Em abril, preocupada em diminuir os índices, a Brigada trouxe do Interior 200 PMs. Cinquenta deles foram destinados para o 20º BPM, responsável pelo patrulhamento do Bairro Rubem Berta, onde está instalado o Território de Paz.

O bairro recebeu também, em agosto, a segunda fase do programa, que previa ações sociais e de economia solidária e a transferência do Posto Móvel para uma base comunitária. No posto, na Rua Wolfram Metzler, são registradas as ocorrências e ficam lotados os PMs do projeto.

População: 87.367
Área: 851 ha
Mortes em 2011: 46
Mortes em 2012: 63 + 36,9%

Santa Teresa

O Santa Teresa também registrou aumento nas mortes. O bairro da Zona Sul teve a transferência, em novembro, do posto móvel para o prédio da Associação de Moradores da Vila Nossa Senhora do Brasil, até então usado para bailes funks dos quais traficantes participavam. O local foi reformado pela Brigada. Um morador fez um plebiscito com a comunidade para que o local fosse destinado à BM. E a ideia teve apoio.

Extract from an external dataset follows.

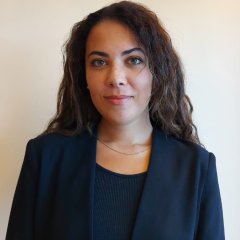 Cláudia Mamede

Mas depois de todas as ações, nem todos os moradores têm acesso ao local. O conflito entre bandos rivais das vilas próximas, por vezes, impede a circulação de moradores.

População: 43.391
Área: 454 ha
Mortes em 2011: 22
Mortes em 2012: 28 +27,3%

Lomba do Pinheiro

Maior Território de Paz em extensão, a Lomba do Pinheiro reduziu os homicídios em 2012. O posto móvel colocado entre a Vila Mapa e a Quinta do Portal deu resultado. Principal reclamação dos moradores, os constantes confrontos entre os bandos no cruzamento das estradas São Francisco e Afonso Lourenço Mariante foram resolvidos com a colocação do ônibus.

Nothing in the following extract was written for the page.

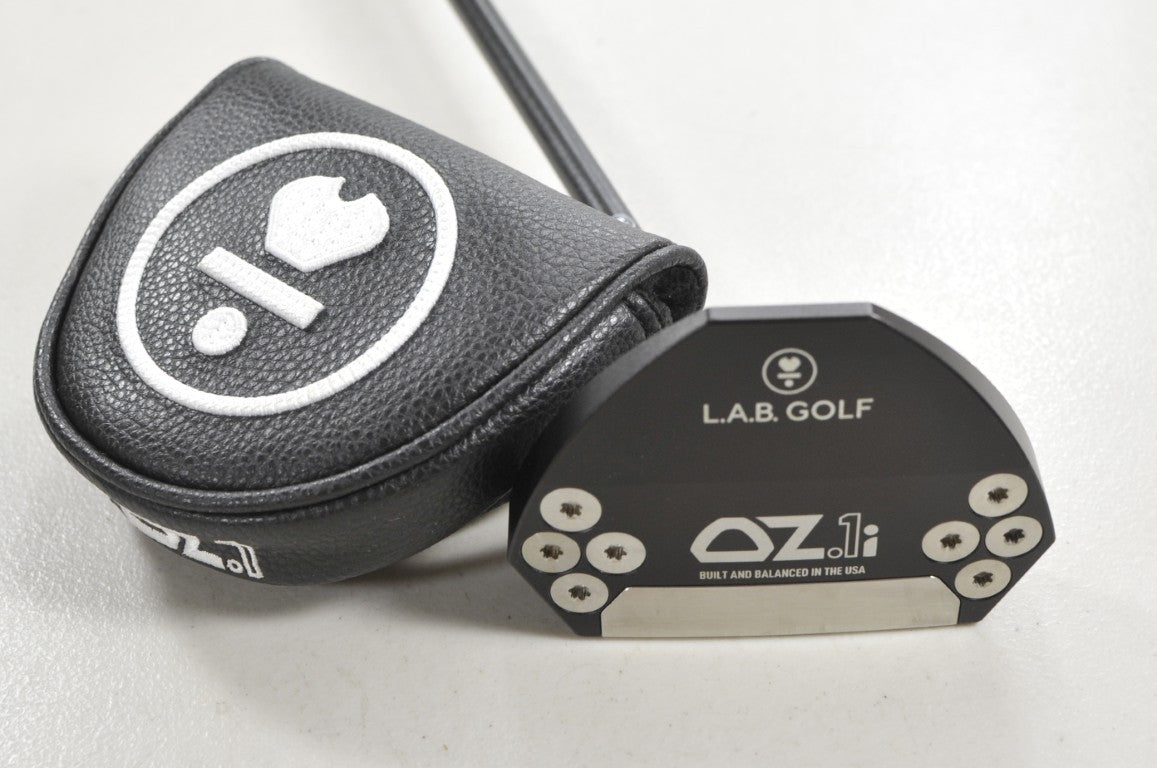 LAB Golf OZ.1 Counter Balance 38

Em 2012, a Lomba não foi palco de chacinas como em 2011. O 19º BPM recebeu reforço de 25 PMs em maio. Oito deles foram colocados para trabalhar exclusivamente no Território ao longo do período. Os demais foram para outras áreas de atuação do Batalhão.

População: 51.415
Área: 2.455 ha
Mortes em 2011: 26
Mortes em 2012: 23 (-11,53%)

Restinga

A Restinga teve redução nos homicídios em 2012. Mas um dos últimos casos do ano passado foi praticamente na porta do posto móvel na Rua Belize, na Restinga Velha. Após o tiroteio, que deixou morto Marcos dos Santos, 30 anos, os moradores tiveram que bater à porta do posto móvel para chamar os brigadianos que estavam lá dentro.

A promessa do secretário adjunto de Segurança, Juarez Pinheiro, era de que o posto móvel viraria unidade fixa, no terreno pertencente a uma escola. Até agora, nada mudou.

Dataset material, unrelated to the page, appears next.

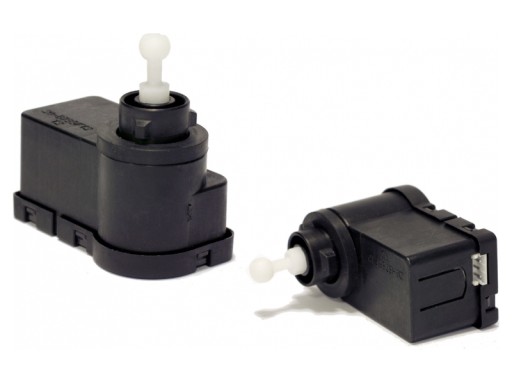 20-11735-MA-1 - Двигатель фары лампы FORD TRANSIT фургон 06-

Mas, no último trimestre, novas gangues iniciaram a disputa por pontos de tráfico. Confrontos entre grupos da Restinga Nova e da Velha fizeram crescer as mortes nos últimos meses do ano.

População: 51.569
Área: 2.149 ha
Mortes em 2011: 50
Mortes em 2012: 34 (-32%)

Faixa de Gaza: Que lugar é esse?

A Faixa de Gaza é um território na costa do Mar Mediterrâneo, no Oriente Médio, que faz fronteira com o Egito no Sudoeste e com Israel no Leste e no Norte. Tem 41km de comprimento e entre 6km e 12km de largura. Lá vivem 1,7 milhão de pessoas. O local é disputado entre israelenses e palestinos, que já travaram diversas batalhas. Os moradores vivem no chamado fogo cruzado.

Uma vila em conflito

O limite entre Porto Alegre e Alvorada é um dos locais mais violentos da Região Metropolitana. O Arroio Feijó, que separa as duas cidades, foi palco dos assassinatos (ou desovas) de pelo menos oito pessoas em 2012. Na Avenida Bernardino Silveira Amorim, que termina no arroio e vai até a Avenida Assis Brasil, foram mais oito mortes - na Vila Vitória da Conquista, que tem saída para a mesma via, ocorreram outros cinco casos. Ou seja, numa linha de cerca de 7,5km, ocorreram 21 mortes em um ano.

Próximo ao Arroio Feijó há uma vila em conflito, o Recanto do Sabiá, em meio a lixo e mata fechada. No local, foram encontrados quatro corpos de uma só vez em novembro. A suspeita da Polícia Civil é de que o crime tenha relação direta com a disputa pelo controle das bocas de fumo na invasão. Até ontem, apenas um dos corpos havia sido identificado: Roni de Oliveira da Silva.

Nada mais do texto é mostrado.